DATA TO EXAMINE Start Marker
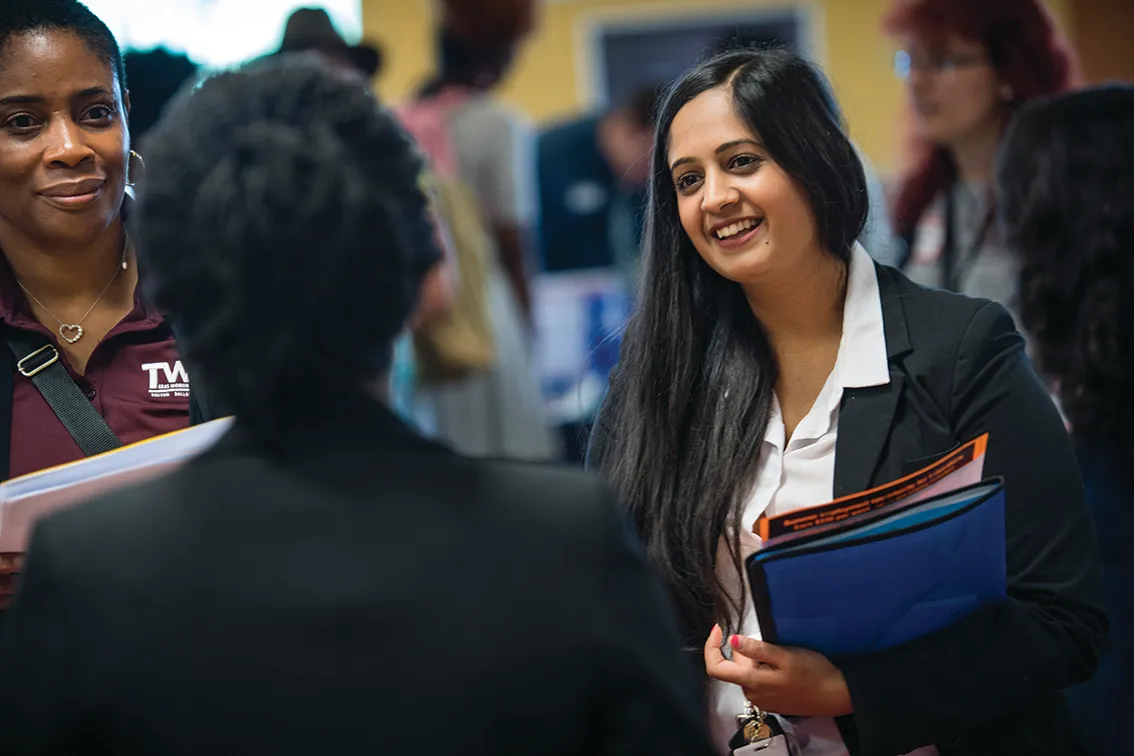 Student in business attire at a networking event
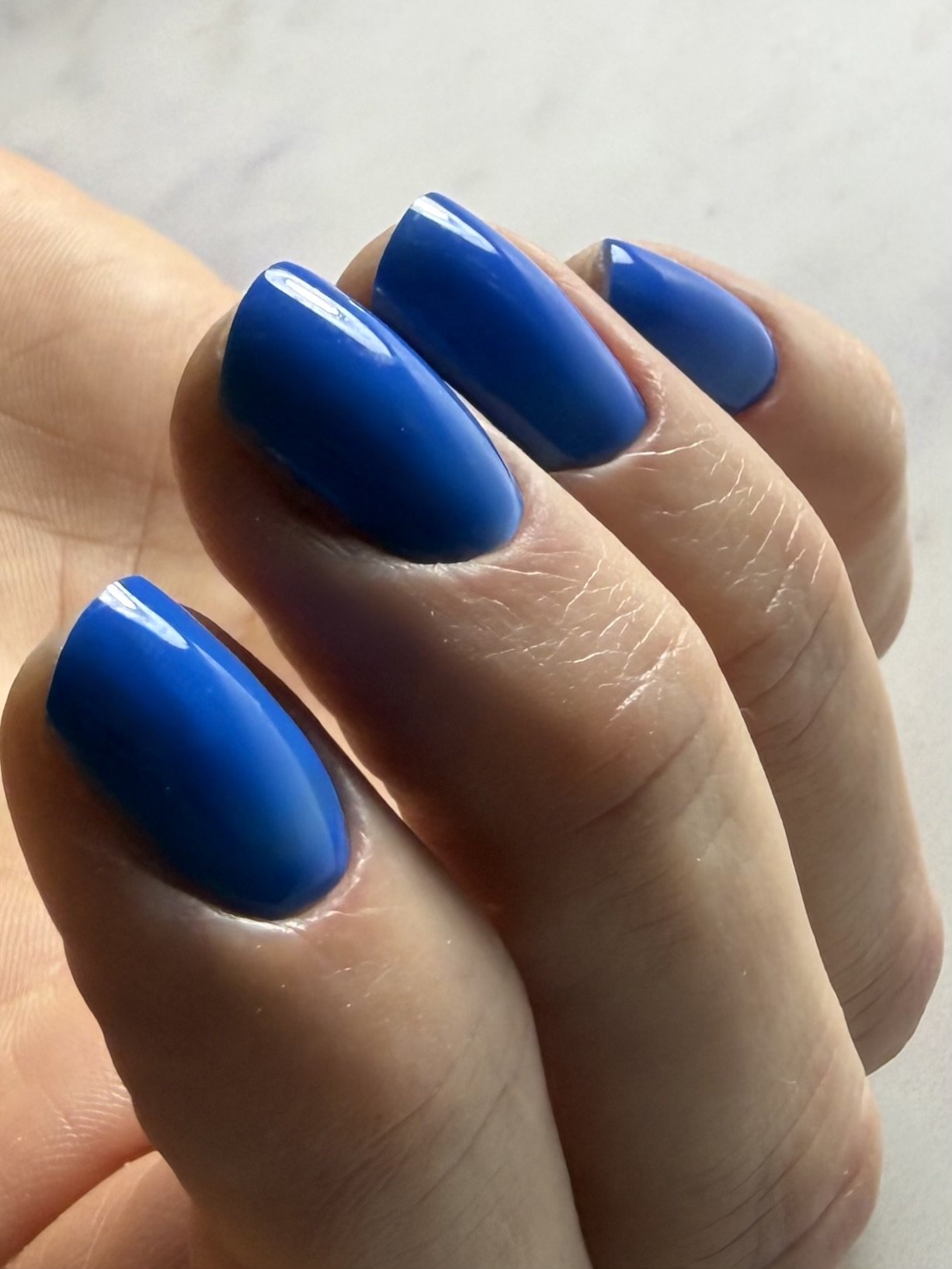 Close-up of a hand with nails painted in bright blue, shown in a slightly curled position.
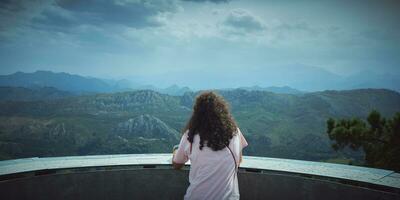 un mujer con Rizado pelo observa uno de el más hermosa paisajes en Asturias foto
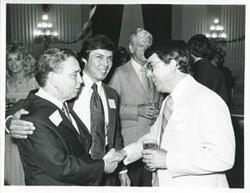 ["Black and white photograph print of Carl Albert speaking with Ray Harris and shaking hands with Robert E. Bauman at his birthday party, 1976"]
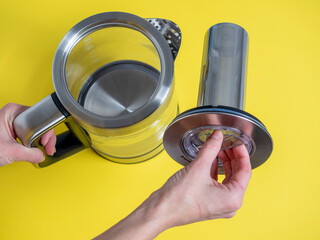 electric metal kettle in silver color with different modes of water heating on a bright yellow background. A woman's hand holds a piece for brewing tea. Side view
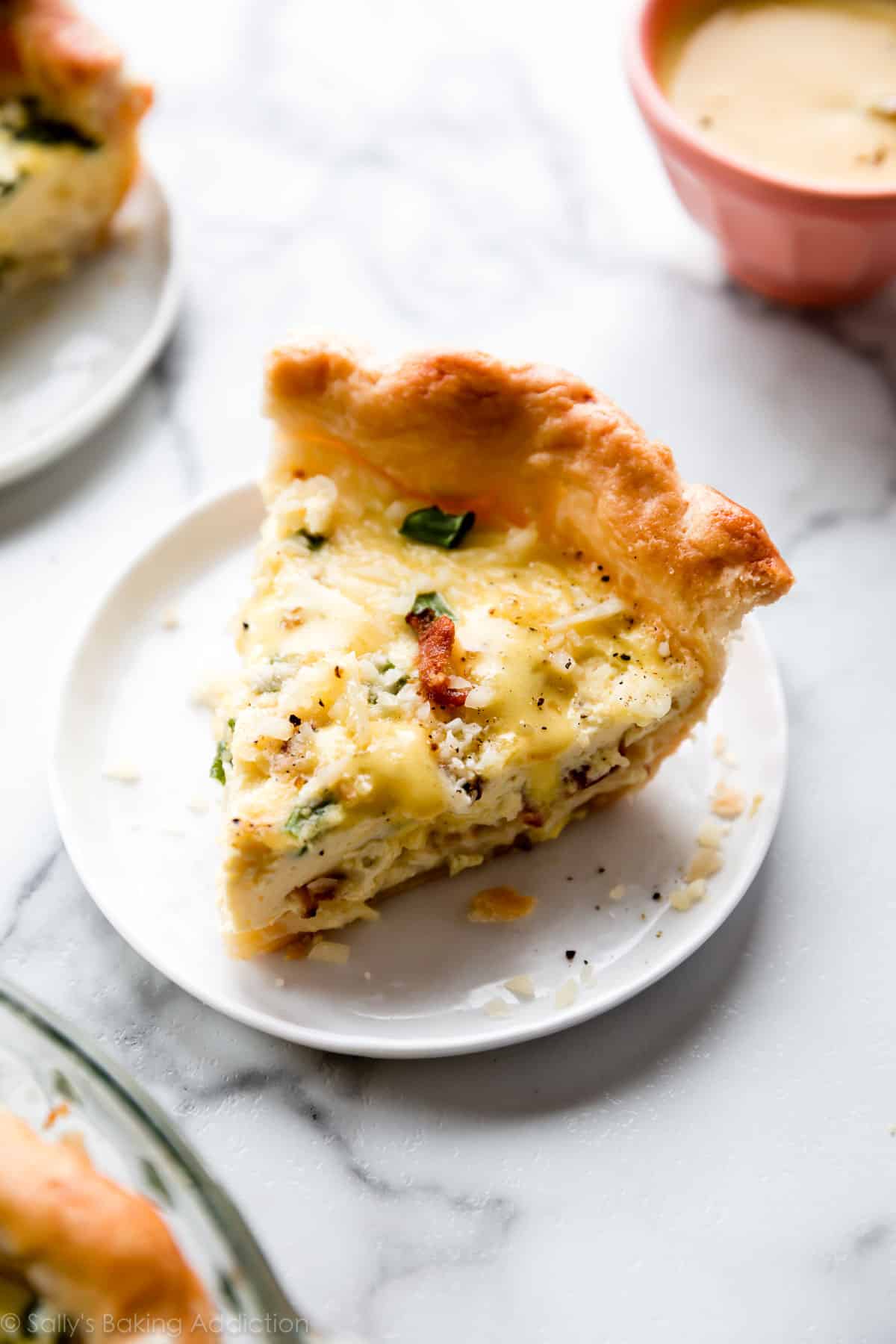 Slice of quiche on a white plate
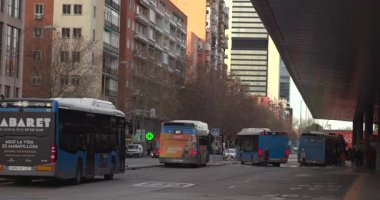 Madrid, İspanya, 01-20-2026: Yolun sol tarafında Kabare otobüsü olan işlek bir şehir caddesi. Yolda başka otobüsler ve arabalar var.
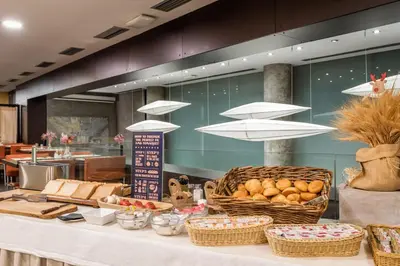 a table with baskets of bread and other food at Hotel Madanis Liceo in Hospitalet de Llobregat
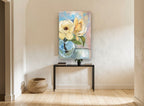 Cream Magnolia in Glass floral canvas print on the wall of a hallway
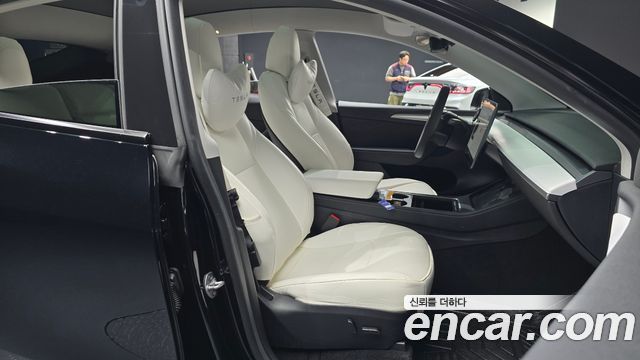 Tesla Model Y 2024 — photo 16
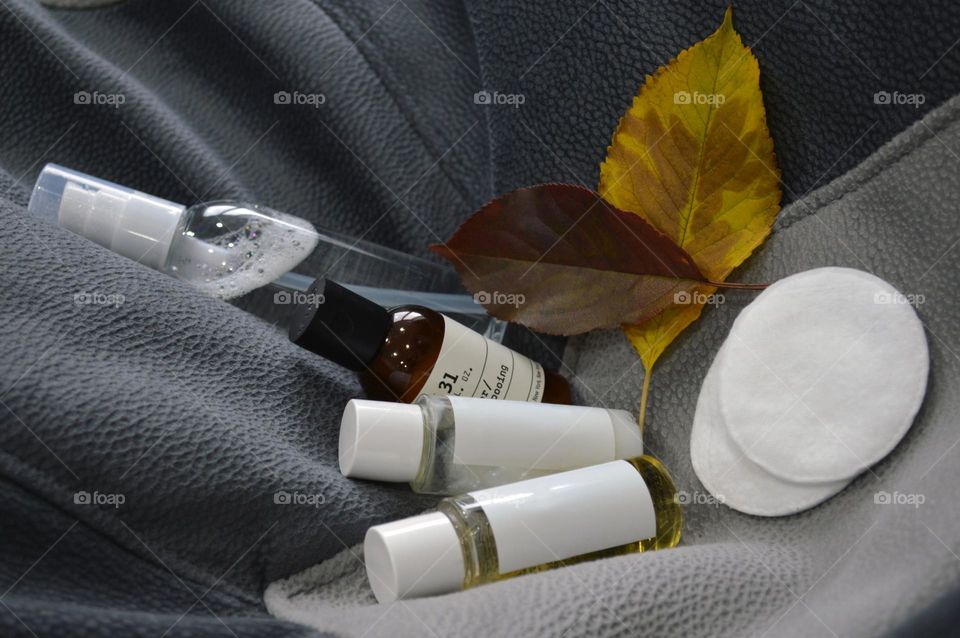 Jars with cream, shampoo and cosmetics on a background with autumn leaves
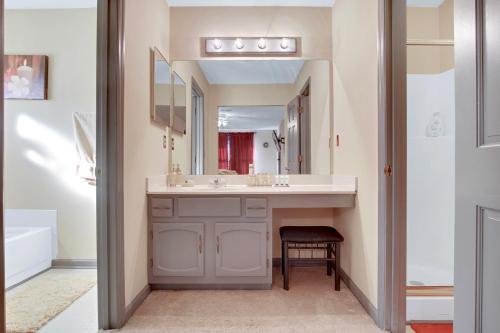 a bathroom with a sink and a mirror at Sweet Home Georgia - Entire 3 bedroom Luxury in Duluth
DATA TO EXAMINE End Marker
* _PROBLEM DETAILS_
Please repeat the listing precisely, excluding the pictures it contains.

* _EXPECTED ANSWER_
 Student in business attire at a networking event
 Close-up of a hand with nails painted in bright blue, shown in a slightly curled position.
 un mujer con Rizado pelo observa uno de el más hermosa paisajes en Asturias foto
 ["Black and white photograph print of Carl Albert speaking with Ray Harris and shaking hands with Robert E. Bauman at his birthday party, 1976"]
 electric metal kettle in silver color with different modes of water heating on a bright yellow background. A woman's hand holds a piece for brewing tea. Side view
 Slice of quiche on a white plate
 Madrid, İspanya, 01-20-2026: Yolun sol tarafında Kabare otobüsü olan işlek bir şehir caddesi. Yolda başka otobüsler ve arabalar var.
 a table with baskets of bread and other food at Hotel Madanis Liceo in Hospitalet de Llobregat
 Cream Magnolia in Glass floral canvas print on the wall of a hallway
 Tesla Model Y 2024 — photo 16
 Jars with cream, shampoo and cosmetics on a background with autumn leaves
 a bathroom with a sink and a mirror at Sweet Home Georgia - Entire 3 bedroom Luxury in Duluth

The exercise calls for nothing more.